The Little Red School House and Elisabeth Irwin High School, also referred to as LREI, is a school in Manhattan, New York City. It was founded by Elisabeth Irwin in 1921 as the Little Red School House and is one of the city's first progressive schools. Created as a joint public-private educational experiment, the school tested principles of progressive education that had been advocated since the turn of the 20th century by John Dewey. The founders postulated that the lessons of progressive education could be applied successfully in the crowded, ethnically diverse public schools of the nation's largest city.

==History==
The school was founded in 1921 as a joint private-public educational experiment by reformer Elisabeth Irwin, and was well known as a testing ground for new concepts in education.

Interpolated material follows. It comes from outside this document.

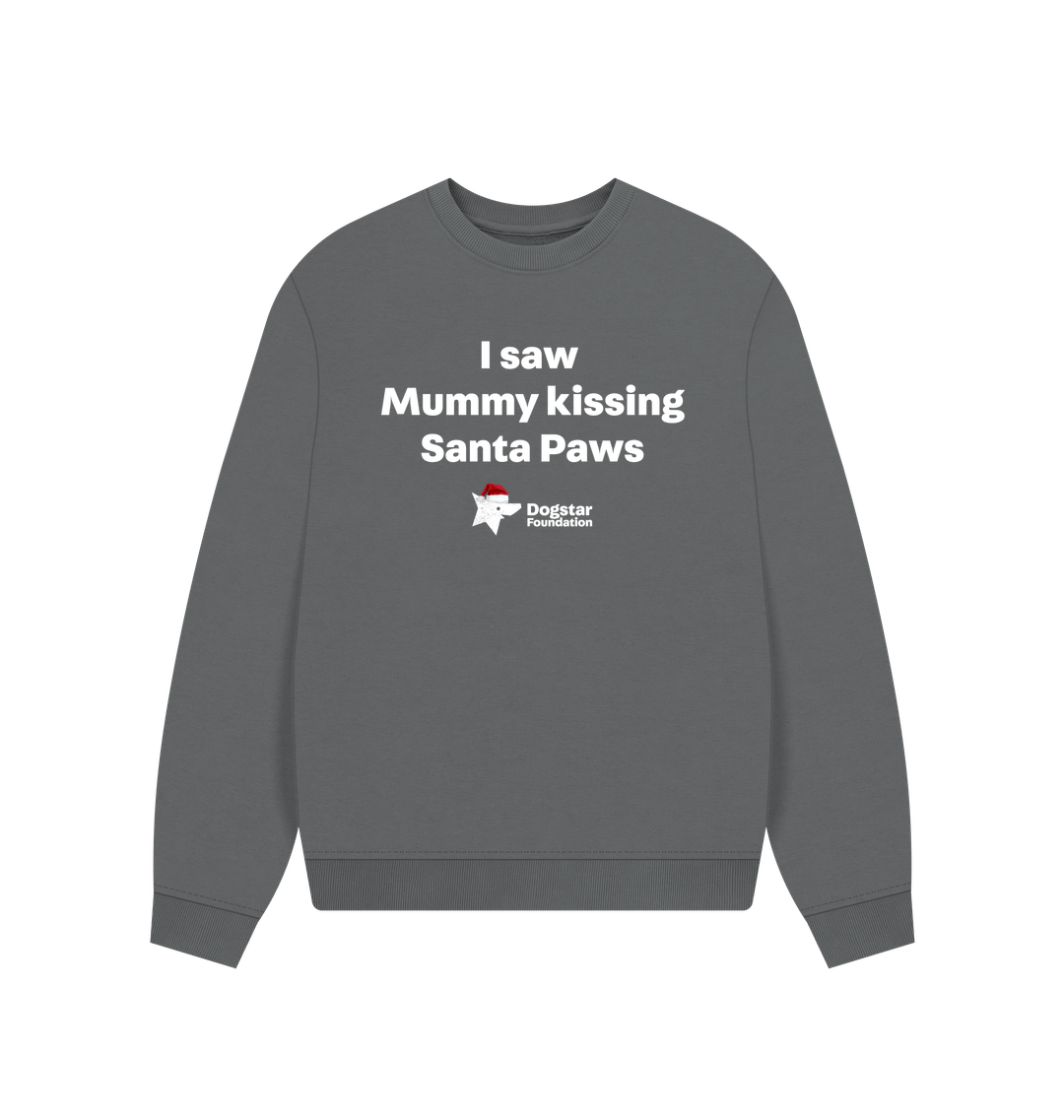 Slate Grey Printed Sweater Front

In 1932, after the onset of the Great Depression caused the Public Education Association to withdraw the funding that had allowed the school to exist within the New York City public school system, William O'Shea, the superintendent of schools—who had previously tried to close down the program because of its progressive ideas—announced that the school would be eliminated because of a budgetary crisis. Parents raised sufficient funds to pay for salaries, but O'Shea refused to accept the money, and the school was forced to turn to private funding. It moved to a building on Bleecker Street provided at no cost by the First Presbyterian Church and began a new life as an independent school.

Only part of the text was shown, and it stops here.